Brief: From the top of the records below down to the line containing "एस्तेर 4:14 MARIRV Bible Verse Image", reproduce every line exactly.

━━ Supplied material ━━

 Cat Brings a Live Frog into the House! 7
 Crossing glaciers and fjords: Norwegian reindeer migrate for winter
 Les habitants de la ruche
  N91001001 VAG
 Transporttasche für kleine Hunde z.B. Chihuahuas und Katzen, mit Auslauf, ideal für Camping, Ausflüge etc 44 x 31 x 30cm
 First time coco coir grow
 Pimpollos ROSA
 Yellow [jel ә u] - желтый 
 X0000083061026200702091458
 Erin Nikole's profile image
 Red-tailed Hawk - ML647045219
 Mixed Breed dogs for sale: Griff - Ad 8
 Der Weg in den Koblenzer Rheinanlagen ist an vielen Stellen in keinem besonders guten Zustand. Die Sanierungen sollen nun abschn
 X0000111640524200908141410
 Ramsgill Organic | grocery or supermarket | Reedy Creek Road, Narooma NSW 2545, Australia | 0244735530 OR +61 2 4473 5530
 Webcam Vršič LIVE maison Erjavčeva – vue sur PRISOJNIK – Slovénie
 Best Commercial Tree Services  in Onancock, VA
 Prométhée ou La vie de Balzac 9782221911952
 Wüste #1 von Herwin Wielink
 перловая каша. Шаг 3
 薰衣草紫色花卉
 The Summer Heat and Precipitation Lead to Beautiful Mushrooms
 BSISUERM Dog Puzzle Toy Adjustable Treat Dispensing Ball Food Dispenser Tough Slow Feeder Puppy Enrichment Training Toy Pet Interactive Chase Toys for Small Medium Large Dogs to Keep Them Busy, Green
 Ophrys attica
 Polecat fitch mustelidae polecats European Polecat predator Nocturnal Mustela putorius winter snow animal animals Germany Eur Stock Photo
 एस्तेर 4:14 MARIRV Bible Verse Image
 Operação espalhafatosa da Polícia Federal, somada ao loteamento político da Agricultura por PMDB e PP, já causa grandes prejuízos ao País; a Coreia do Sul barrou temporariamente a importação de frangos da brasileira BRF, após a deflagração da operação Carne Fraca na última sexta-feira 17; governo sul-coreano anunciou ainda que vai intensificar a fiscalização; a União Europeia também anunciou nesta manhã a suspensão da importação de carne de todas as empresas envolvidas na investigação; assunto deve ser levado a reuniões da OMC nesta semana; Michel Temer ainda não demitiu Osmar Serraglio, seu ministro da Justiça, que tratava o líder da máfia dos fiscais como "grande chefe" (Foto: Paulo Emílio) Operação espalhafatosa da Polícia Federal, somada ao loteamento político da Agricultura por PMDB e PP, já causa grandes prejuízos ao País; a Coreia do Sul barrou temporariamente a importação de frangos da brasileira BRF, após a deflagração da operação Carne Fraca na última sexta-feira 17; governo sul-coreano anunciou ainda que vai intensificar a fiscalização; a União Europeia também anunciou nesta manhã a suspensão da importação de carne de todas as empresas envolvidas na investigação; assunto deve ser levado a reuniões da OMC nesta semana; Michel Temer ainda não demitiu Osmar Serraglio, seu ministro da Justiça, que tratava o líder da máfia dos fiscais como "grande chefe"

━━━

Answer for this exercise:
 Cat Brings a Live Frog into the House! 7
 Crossing glaciers and fjords: Norwegian reindeer migrate for winter
 Les habitants de la ruche
  N91001001 VAG
 Transporttasche für kleine Hunde z.B. Chihuahuas und Katzen, mit Auslauf, ideal für Camping, Ausflüge etc 44 x 31 x 30cm
 First time coco coir grow
 Pimpollos ROSA
 Yellow [jel ә u] - желтый 
 X0000083061026200702091458
 Erin Nikole's profile image
 Red-tailed Hawk - ML647045219
 Mixed Breed dogs for sale: Griff - Ad 8
 Der Weg in den Koblenzer Rheinanlagen ist an vielen Stellen in keinem besonders guten Zustand. Die Sanierungen sollen nun abschn
 X0000111640524200908141410
 Ramsgill Organic | grocery or supermarket | Reedy Creek Road, Narooma NSW 2545, Australia | 0244735530 OR +61 2 4473 5530
 Webcam Vršič LIVE maison Erjavčeva – vue sur PRISOJNIK – Slovénie
 Best Commercial Tree Services  in Onancock, VA
 Prométhée ou La vie de Balzac 9782221911952
 Wüste #1 von Herwin Wielink
 перловая каша. Шаг 3
 薰衣草紫色花卉
 The Summer Heat and Precipitation Lead to Beautiful Mushrooms
 BSISUERM Dog Puzzle Toy Adjustable Treat Dispensing Ball Food Dispenser Tough Slow Feeder Puppy Enrichment Training Toy Pet Interactive Chase Toys for Small Medium Large Dogs to Keep Them Busy, Green
 Ophrys attica
 Polecat fitch mustelidae polecats European Polecat predator Nocturnal Mustela putorius winter snow animal animals Germany Eur Stock Photo
 एस्तेर 4:14 MARIRV Bible Verse Image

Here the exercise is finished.